No picture belongs in the answer, which must hold exactly the lines from the one with "clip irm�o urso" through the final line below.

*** Records for the task ***

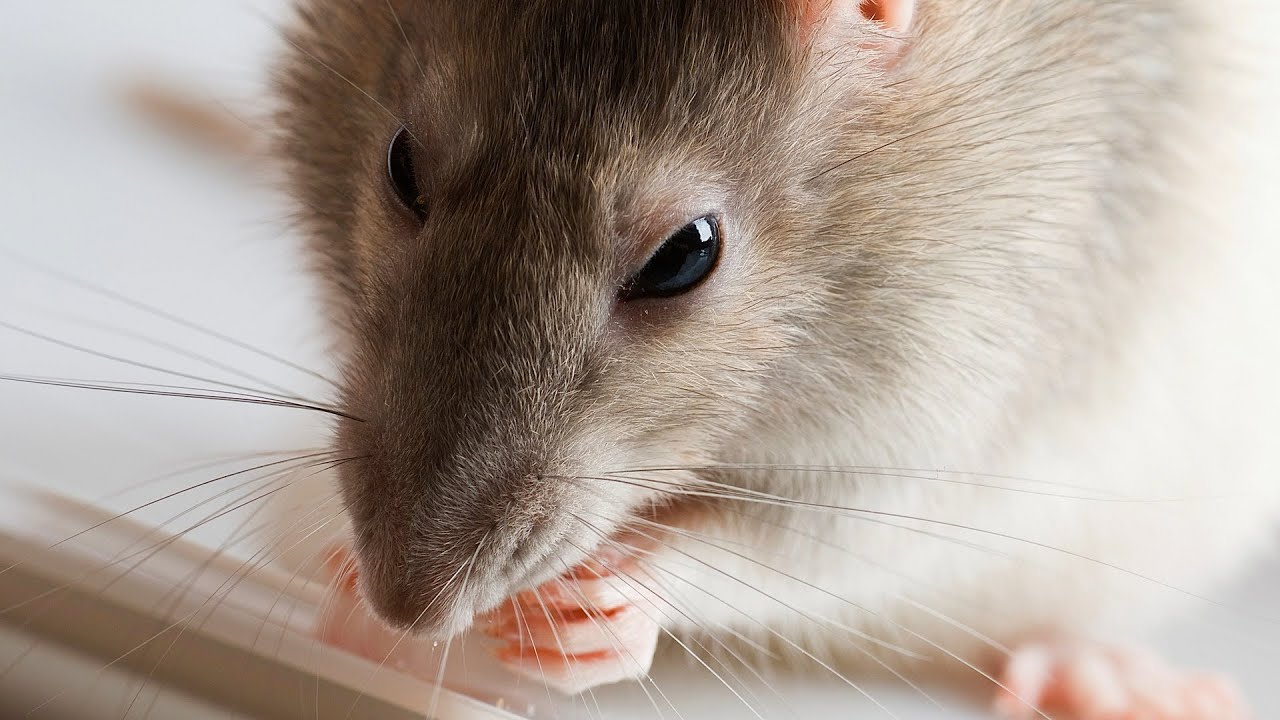 How to Groom a Rat | Pet Rats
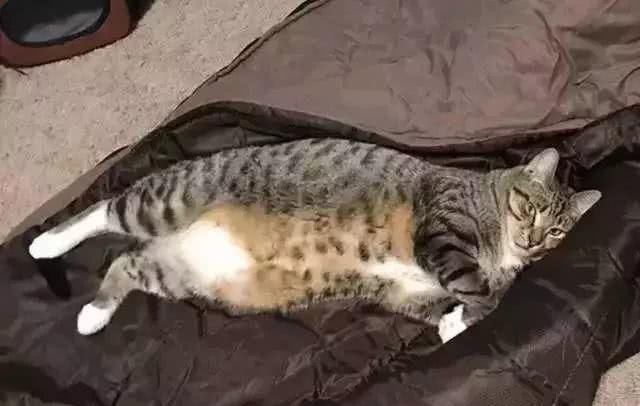 最适合家养的猫排名橘猫,最胖的品种猫排名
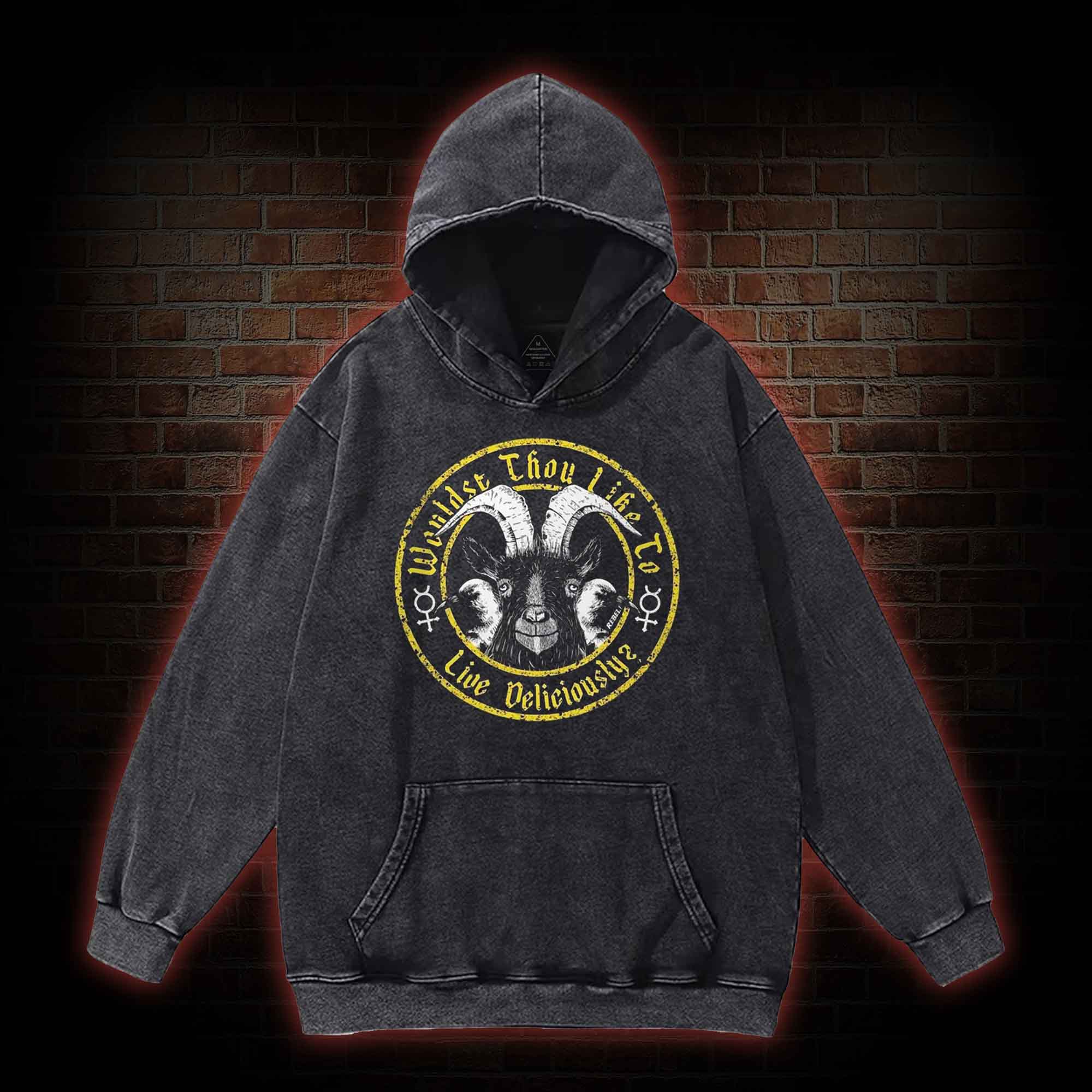 2536 Washed Hoodie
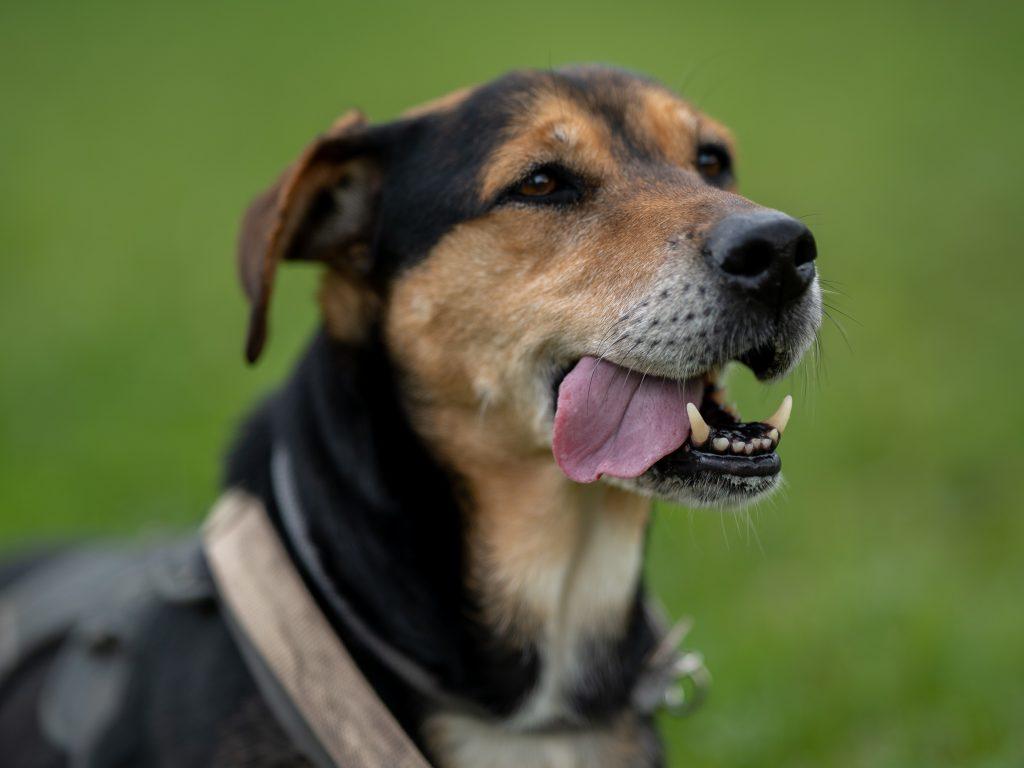 Prefeitura divulga resultado definitivo da seleção para o Conselho de Proteção e Bem-Estar Animal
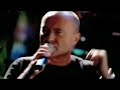 clip irm�o urso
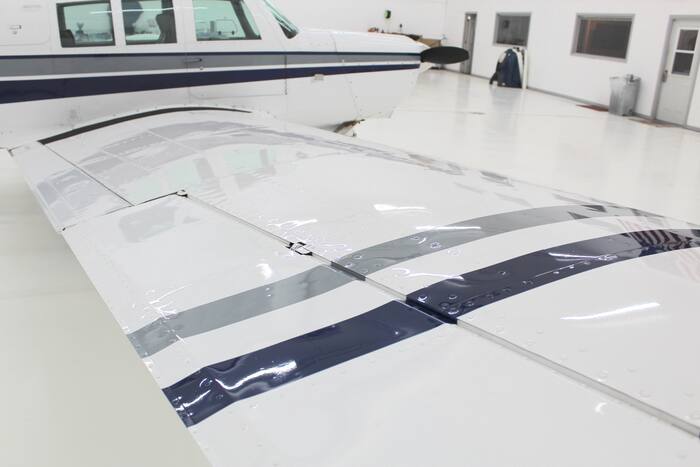 Wing detail with stripes
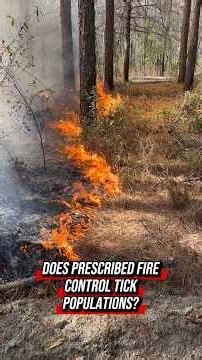 Does Prescribed Fire Control Ticks? #deer #ticks #prescribedfire #lymedisease #deerhabitat
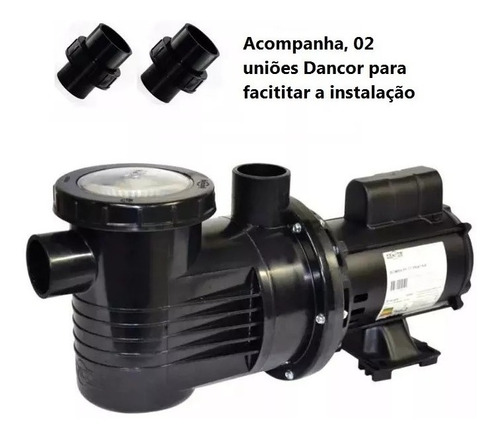 Moto Bomba P/ Piscina Dancor Pf-17 3/4cv M 110/220v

*** End of Records for the task ***

* [Response to the exercise]
 clip irm�o urso
 Wing detail with stripes
 Does Prescribed Fire Control Ticks? #deer #ticks #prescribedfire #lymedisease #deerhabitat
 Moto Bomba P/ Piscina Dancor Pf-17 3/4cv M 110/220v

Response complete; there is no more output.